For which configurations can the residue theorem not be applied directly?

Configuration  $\rm A$,
Configuration  $\rm B$,
Configuration  $\rm C$,
Configuration  $\rm D$,
Configuration  $\rm E$,
Configuration  $\rm F$.

2

Compute  $y(t)$  for configuration  $\rm A$ with  $K= 2$  and  $p_{\rm x} = -1$.  What is the numerical value for time  $t = 1$?

$\ {\rm Re}\{y(t = 1)\} \ = \ $

$\ {\rm Im}\{y(t = 1)\} \ = \ $

3

Compute  $y(t)$  for configuration  $\rm C$ with  $K= 2$  and  $p_{\rm x} = -0.2 + {\rm j} \cdot 1.5\pi$.  What numerical value is obtained for time  $t = 1$?

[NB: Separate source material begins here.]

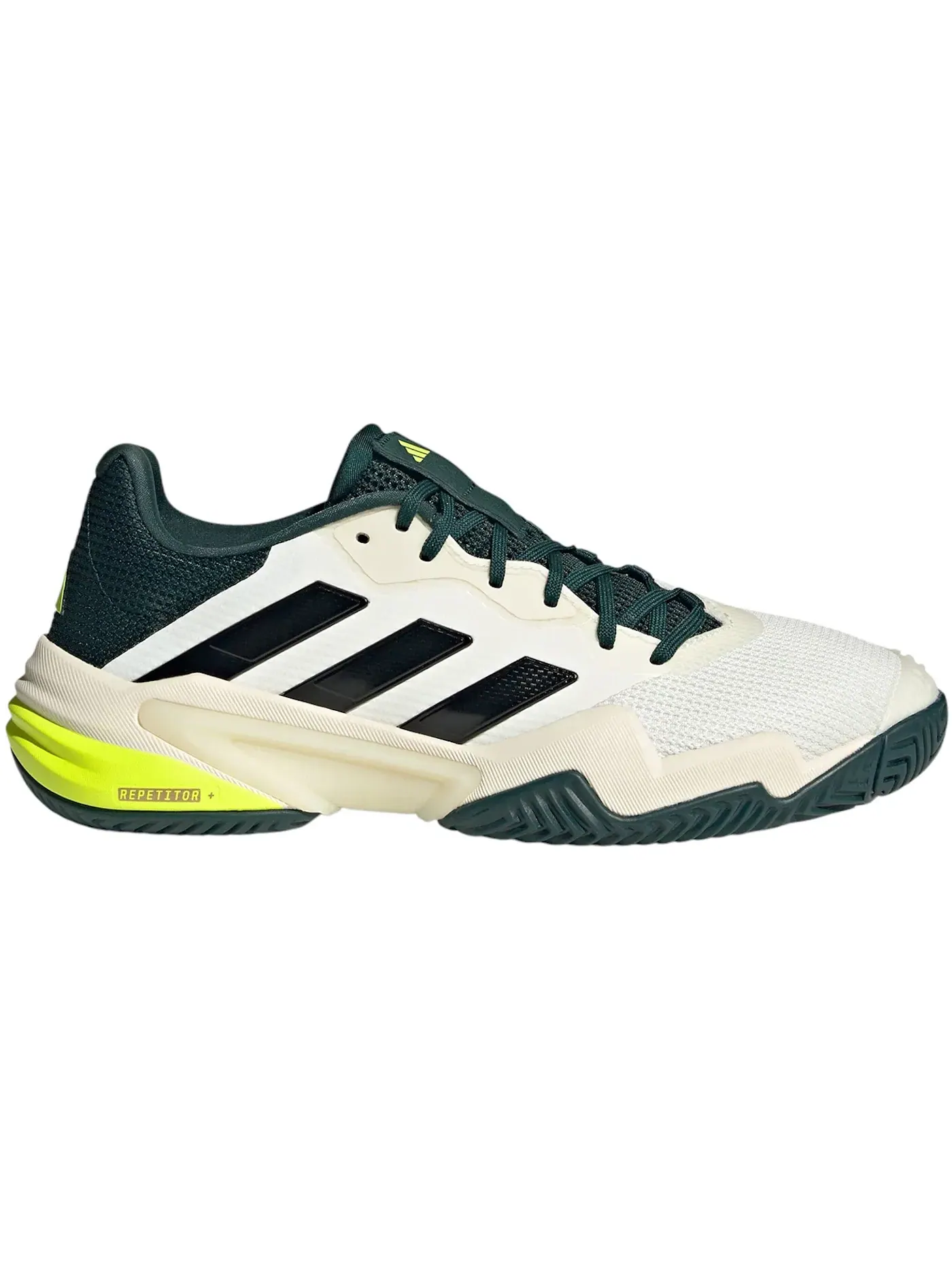 Мужские кроссовки для тенниса Barricade 13 Adidas — изображение 1 из 1, белый/черный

$\ {\rm Re}\{y(t = 1)\} \ = \ $

$\ {\rm Im}\{y(t = 1)\} \ = \ $

4

What signal value  $y(t = 1)$  is obtained for the constellation  $\rm E$ with  $K= 2$  and two poles at  $p_{\rm x} = -0.2 \pm {\rm j} \cdot 1.5\pi$?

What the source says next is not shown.